A picture named emb_blanket.jpgLiz tells me she uses a blanket stitch for bird-sewing. She has sewn at least ten that I've observed. I had no idea what that was, but acted like, okay, of course, then desperately Googled it and found this page. Whew, I'd really hate to look like an ignoranus.
8:22:23 PM    comment []

A picture named manioc.jpgIn the heat of turducken frenzy, I neglected to mention that I got 5 bags of manioc flour from Sendexnet yesterday. To my best efforts, this is the only place to get it online in the USA. I'll be doing some trial recipes using manioc flour, especially as breading (as good as Panko? Who knows?), maybe starting with some okra tomorrow. Maybe noodles coated with toasted manioc instead of bread crumbs...everything's a nail when there's a new hammer in the tool chest.
5:59:47 PM    comment []

Cross-dressing. I'm modifying the NYT recipe, which itself is a variation on the Paul Prudhomme recipe, which uses multiple dressings. The giblets won't be ready, so I'm using more sausage and adding toasted pine nuts and macadamias. I'm making more than enough because the dressing usually runs out with these people. It has to thoroughly chill before assembling the turducken - it goes unsaid in all recipes that this is how botulism risk is minimized. That's probably not something people want to hear in an otherwise mouth-watering creation. But I'll say it - it's gotta be below 40F before it's safe to stuff. If everything stays below 40F until roasting time, nobody will die from eating it!
5:01:46 PM    comment []

I was wrong. The turkey put up the best fight and caused me to invoke the f-word (I'm not bashful about using it, I just don't want Google to return me doing that with my turducken. We're just friends) for the only time so far in this project. That happened when I realized I had cut through the skin along the lower backbone. The whole process was tedious. Time boning turkey: 1 hour, 10 minutes,,,yeah, yeah, "boning turkey", I know, the Googlers seeking fowl acts are already here. Time to start the dressing and call Liz to see if she will help me stitch the thing together this evening. 
1:51:21 PM    comment []

Needle in a haystack. At some point, I knew I was going to need a trussing needle, you know, a bent heavy-duty needle for sewing up your bird. Found that at the fourth store, asking at the checkout as I was about to get 2 trussing kits (basically skewers that you pull together with twine in a shoelace pattern) but asked. "Oh yes," said Linda (if her nametag was correct), and led me over to some ceramic jars, in front of the knife section, all filled with long pointy things that didn't fit anywhere else. I never would have found them. I bought one and skedaddled, the stores are filling up.
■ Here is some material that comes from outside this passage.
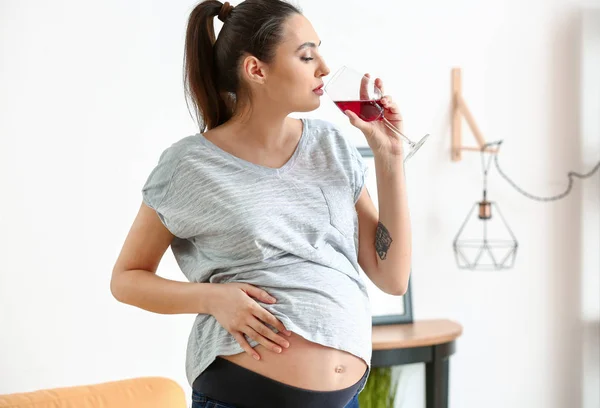 Mulher grávida bebendo álcool em casa — Fotografia de Stock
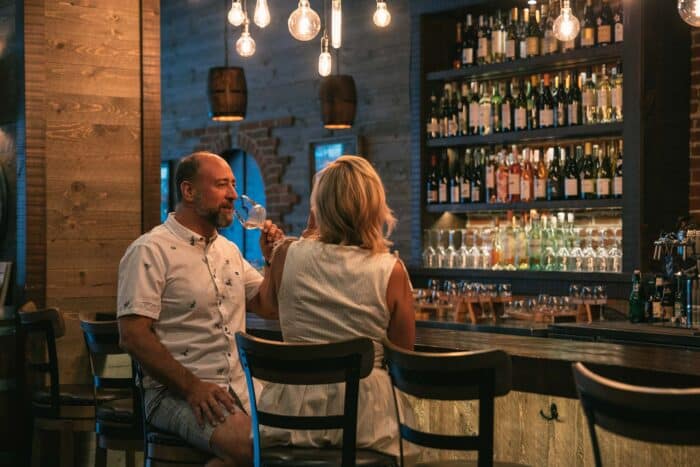 A man and a woman sit at a bar counter in a dimly lit room, drinking wine. Shelves stocked with various wine bottles are in the background, and hanging lightbulbs cast a gentle glow reminiscent of cascading waterfalls.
One last stop. At least for now, at the Harris Teeter in the strip mall behind the nearly abandoned University Mall where the kitchen store was. There I selected a 13-pound turkey and carried it to checkout. It cost just a quarter more than the duck. Boning will begin soon, then the worst is done. Reference: It took me longer to find a trussing needle than to bone two birds.


12:17:36 PM    comment []

The point of no return...I picked up a fresh duckling just over an hour ago, now it is boned and in a bag in the fridge. It was more difficult that the chicken. The bones are more delicate, there's more cartilage, and I'm not as familiar with the bone structure. The bones are simmering for stock. Now out to find an unfrozen 10-12 pound turkey.
9:55:01 AM    comment []

Nagging thoughts:

  1. The Salon article about how easy it would be to fire a SAM at an airliner. The warnings about imminent "spectacular" terrorist attacks. The day before Thanksgiving is the busiest for air travel.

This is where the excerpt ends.